Descriptions: A problem is said to be stiff if the solution being sought varies slowly, but there are nearby solutions that vary rapidly, so the numerical method must take small steps to obtain satisfactory results. The flame model demonstrates stiffness. ODE solvers with names ending in "s", such as ODE23s and ODE15s, employ implicit methods and are intended for stiff problems. These methods require more work per step, but take many fewer steps.
Instructor: Cleve Moler
INSTRUCTOR: I want to illustrate the important notion of stiffness by running ode45, the primary MATLAB ODE solver, on our flame example. The differential equation is y prime is y squared minus y cubed, and I'm going to choose a fairly-- an extremely small initial condition, 10 to the minus sixth. The final value of t is 2 over y naught, and I'm going to impose a modest accuracy requirement, 10 to the minus fifth.
Now let's run ode45 with its default output. Now, see it's taking-- it's moving very slowly here. It's taking lots of steps. So I'm take- pressing the stop button here. It's working very hard. Let's zoom in and see why it's taking so many steps, very densely packed steps here.
This is stiffness. It's satisfying the accuracy requirements we imposed. All these steps are within 10 to the minus sixth of one, but it's taken very small steps to do it. These steps are so small that the graphics can't even discern the step size.
This is stiffness. It's an efficiency issue. It's doing what we asked for. It's meeting the accuracy requirements, but it's having to take very small steps to do it.
Let's try another ODE solver-- ode23. Just change this to 23 and see what it does. It's also taking very small steps for the same reason. If we zoom in on here, we'll see the same kind of behavior. But it's taking very small steps in order to achieve the desired accuracy.
Now let me introduce a new solver, ode23s. The s for stiffness. This was designed to solve stiff problems. And boom, it goes up, turns the corner, and it takes just a few steps to get to the final result. There it turns the corner very quickly.
We'll see how ode23s works in a minute, but first let's try to define stiffness.
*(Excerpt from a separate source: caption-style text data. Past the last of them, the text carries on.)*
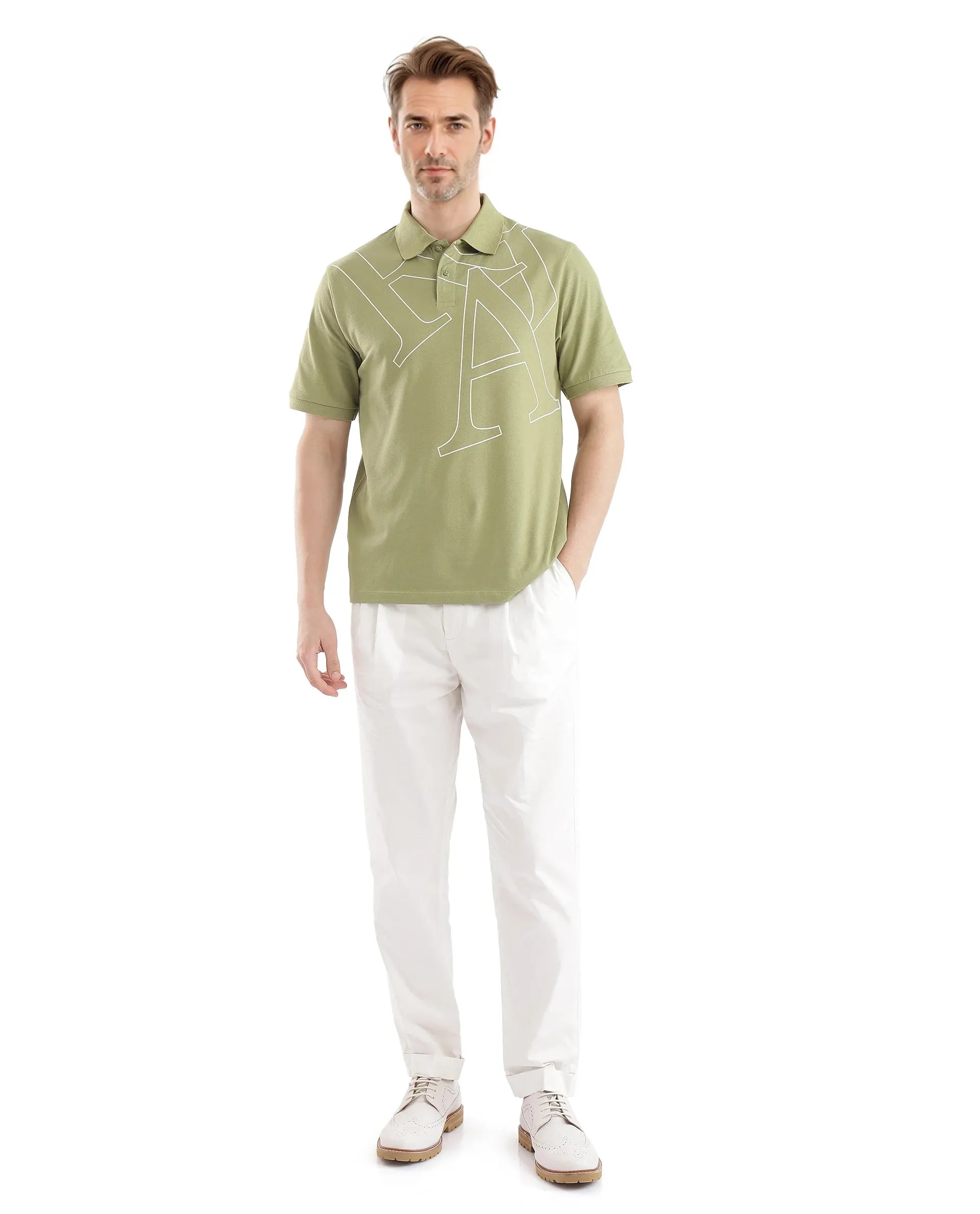 Rare Rabbit Men Daryl Olive Cotton Blend Fabric Short Sleeve Regular Collar Placement Typography Print Polo
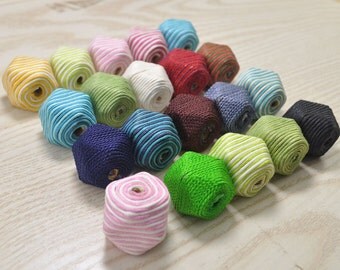 colourful textile necklace links,wax beads,12pcs chunky stripe fiber necklace with wood beads,hexagon beads necklace,gift for her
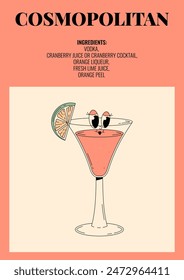 Groovy character cosmopolitan. Retro poster with popular alcoholic cocktail and its ingredients. Vintage vector illustration in 70s, 80s style
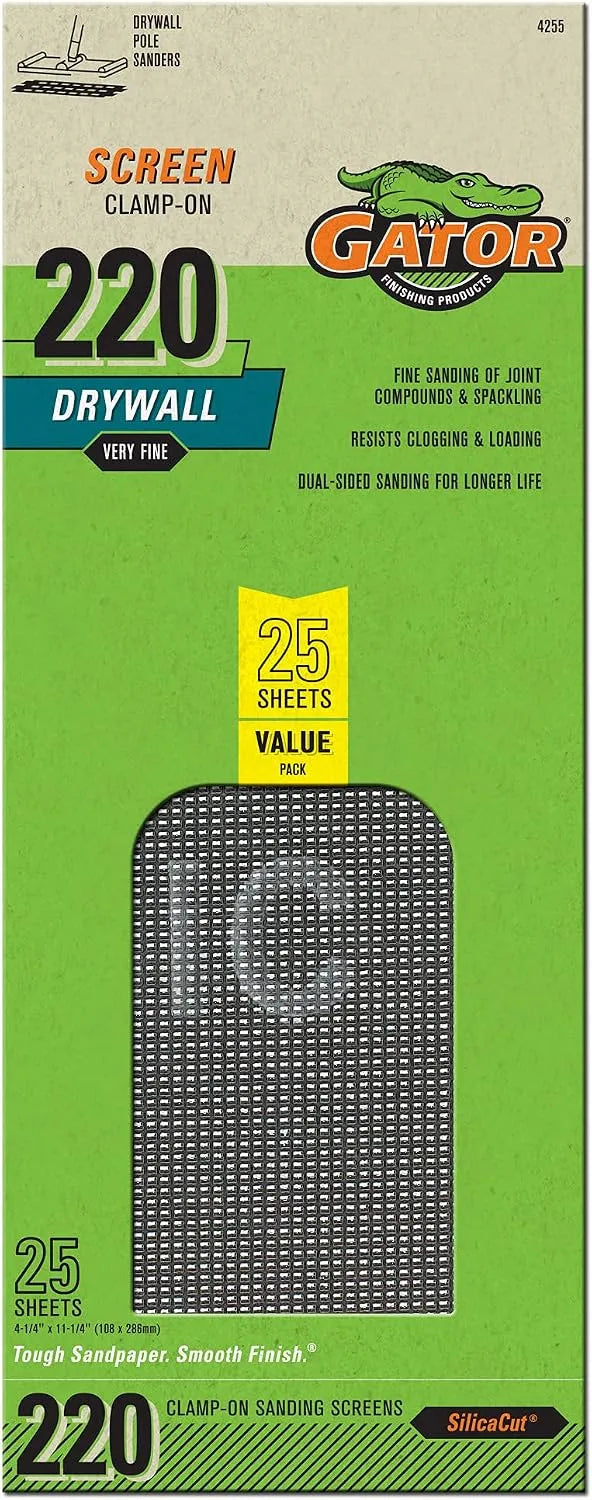 Gator Clamp-On Precut Drywall Sanding Screen, 4-1/4" x 11-1/4", 220 Grit, 25 Pack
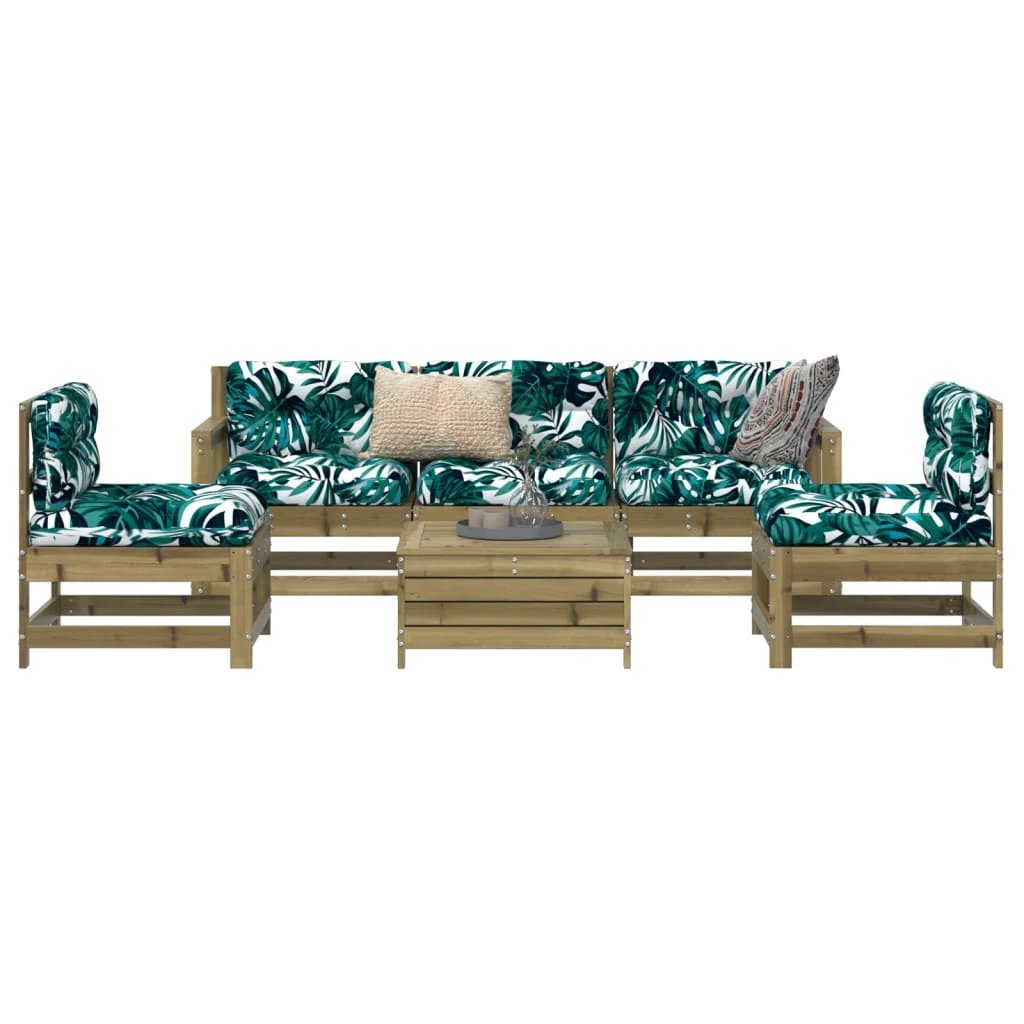 vidaXL 6 Piece Garden Sofa Set Solid Wood Pine by vidaXL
It's a qualitative notion that doesn't have a precise mathematical definition. It depends upon the problem, but also on the solver and the accuracy requirements.
But it's an important notion. We say that a problem is stiff if the solution being sought very slowly, but there are nearby solutions that very rapidly. So the numerical method must take small steps to obtain satisfactory results.
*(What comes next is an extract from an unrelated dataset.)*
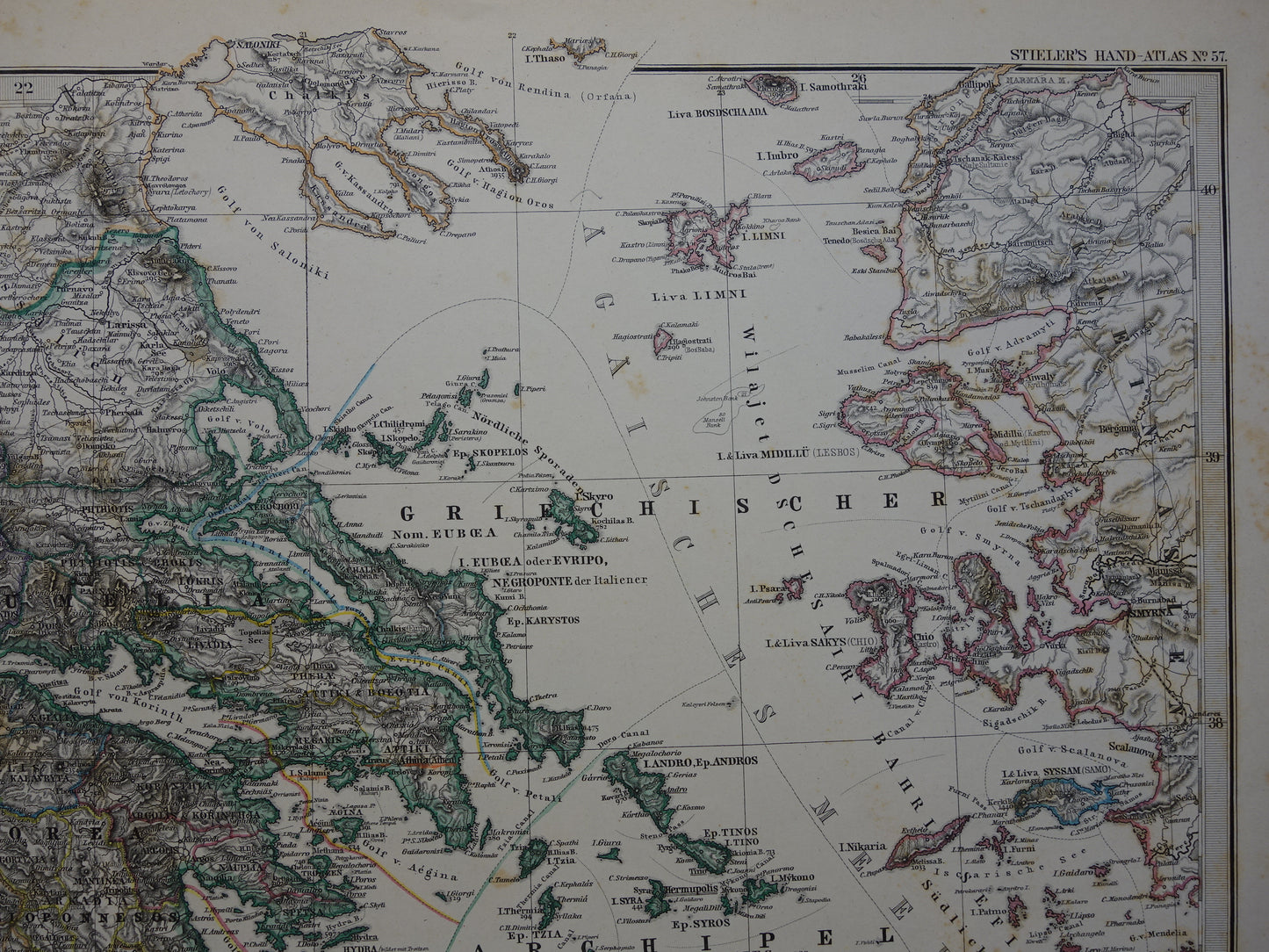 GREECE old map 1884 original antique german map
Stiff methods for ordinary differential equations must be implicit. They must involve formulas that involve looking backward from the forward timestep. The prototype of these methods is the backward Euler method, or the implicit Euler method.
This formula, it involves-- defines y n plus 1, but doesn't tell us how to compute it. We have to solve this equation for y n plus 1. And I'm not going to go into detail about how we actually do it. It involves something like a Newton method that would-- requires knowing the derivative, or an approximation to the derivative of f. But this gives you an idea of what you can expect in stiff methods.
I like to make an analogy with taking a hike in one of the slot canyons we have here in the Southwest. Explicit methods like ode23 and 45 take steps on the walls of the canyon and go back and forth across the sides of the canyon, make very slow progress down the canyon. Whereas implicit methods, like ode15s, look ahead down the canyon and look ahead to where you want to go and make rapid progress of the canyon.
The stiff solver, ode23s, uses an implicit second-order formula and an associated third-order error estimator. It evaluates the partial derivatives of f with respect to both t and f at each step, so that's expensive. It's efficient at crude error tolerances, like graphic accuracy. And it has relatively low overhead.
By way of comparison, the stiff solver ode15s, can be configured to use either the variable order numerical differentiation formula, NDF, or the related to backward differentiation formula BDF. Neither case it saves several values of the function over previous steps. The order varies automatically between one and five, it evaluates the partial derivatives less frequently, and did see efficient at higher tolerances then 23s.